Based on years of progressive discipline dating back to 2008 and the officer’s conduct when given a “last chance” during the course of his PIP, in December 2013, the department issued a notice of intent to terminate the officer for his policy violations, prior misconduct and performance issues. After a Skelly meeting, the department terminated the officer.

During his administrative appeal hearing, the officer admitted making the statements at issue. The hearing officer’s written report and recommendation, however, excused the officer’s statements as the result of “severe stress” from prior disciplinary actions and the PIP. Further, the hearing officer disagreed with the department that the officer was terminated based upon a multi-year pattern of misconduct and performance issues.  The hearing officer concluded that no evidence existed to show the department had just cause to terminate the officer, and that another officer received a much lighter punishment for making false, misleading or malicious statements. The hearing officer recommended a two-week suspension and that the officer be reinstated in good standing.

The city council rejected the hearing officer’s recommendation and upheld the officer’s termination.  The city council found that a preponderance of the evidence showed that the officer’s termination was warranted based on his policy violations and history of poor performance and discipline. Separately, the city council also concluded that the hearing officer had overlooked key evidence in making his recommendation.  Several of the hearing officer’s findings contradicted the witnesses’ testimony, including the officer’s admissions.  The hearing officer did not cite to evidence in the administrative record to support his findings.  The city council noted that the hearing officer had demonstrated bias against the city by spending time with the officer’s counsel during multiple smoking breaks at the administrative appeal hearing. The city council rejected the officer’s argument that another officer received a lesser punishment for the same offense because the other officer was disrespectful to a peer, while this officer was disrespectful to the superiors in his chain of command. The city council found that the other officer had no sustained complaints, nor a similar history of work performance.

The officer then petitioned the trial court for a writ of mandate to compel the city council to set aside its decision and to adopt the hearing officer’s recommendation instead. The trial court denied the officer’s petition. The trial court’s independent review of the evidence in the administrative hearing record supported the city council’s decision on the merits.

The officer appealed, alleging that he did not receive a fair administrative hearing and that the city and the department improperly alleged that the hearing officer was biased. In addition, the officer alleged that the city council did not independently review the administrative record but had deferred to the written arguments made by the city’s legal counsel.

The Court of Appeal upheld the officer’s termination. First, the Court of Appeal declined to address arguments related to alleged bias by the hearing officer, since both the trial court and city council had upheld the officer’s termination based on the officer’s admissions that he violated department policy.  The officer’s admissions were independent of any alleged hearing officer conduct. Second, the Court found that the officer had forfeited his claim that the penalty of termination was an abuse of discretion because the officer offered no supporting argument. Third, the Court of Appeal held that the officer provided no evidence to support his allegations that the city council failed to independently review the administrative record of the officer’s hearing. The Court of Appeal found that the officer presented no evidence or argument to support any trial court error.

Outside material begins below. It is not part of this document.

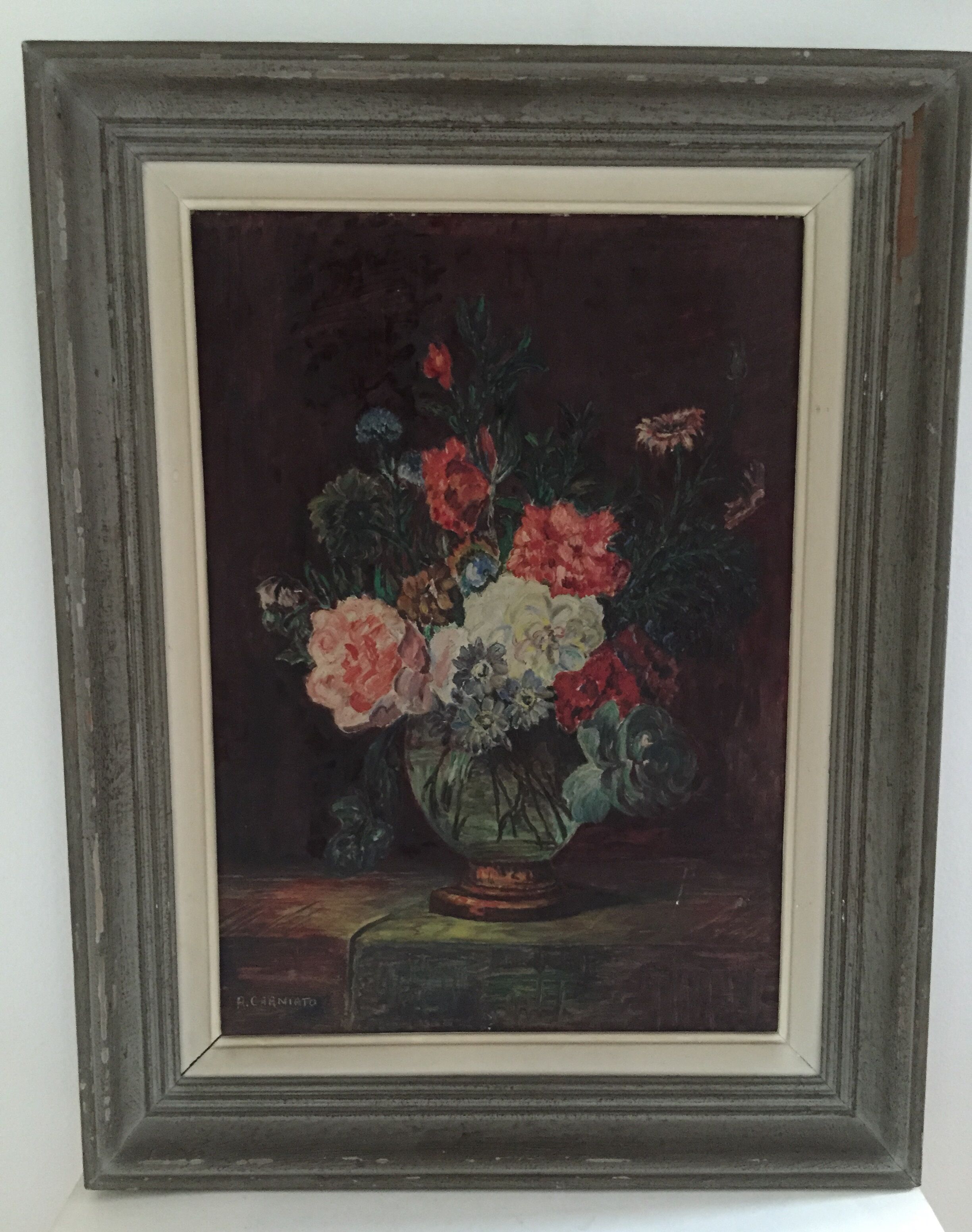 Oil on panel: still life with a bouquet of flowers on a bed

This case shows that court challenges to an administrative decision are won or lost during the administrative hearing. This is because the trial court bases its decision on a review of the testimony and evidence in the administrative hearing record.  The appellate court then reviews the trial court’s decision.  Here, the officer admitted his misconduct on the record at his administrative appeal.  The city council properly reviewed those admissions and the other evidence in the administrative hearing record to reject the hearing officer’s unsupported decision.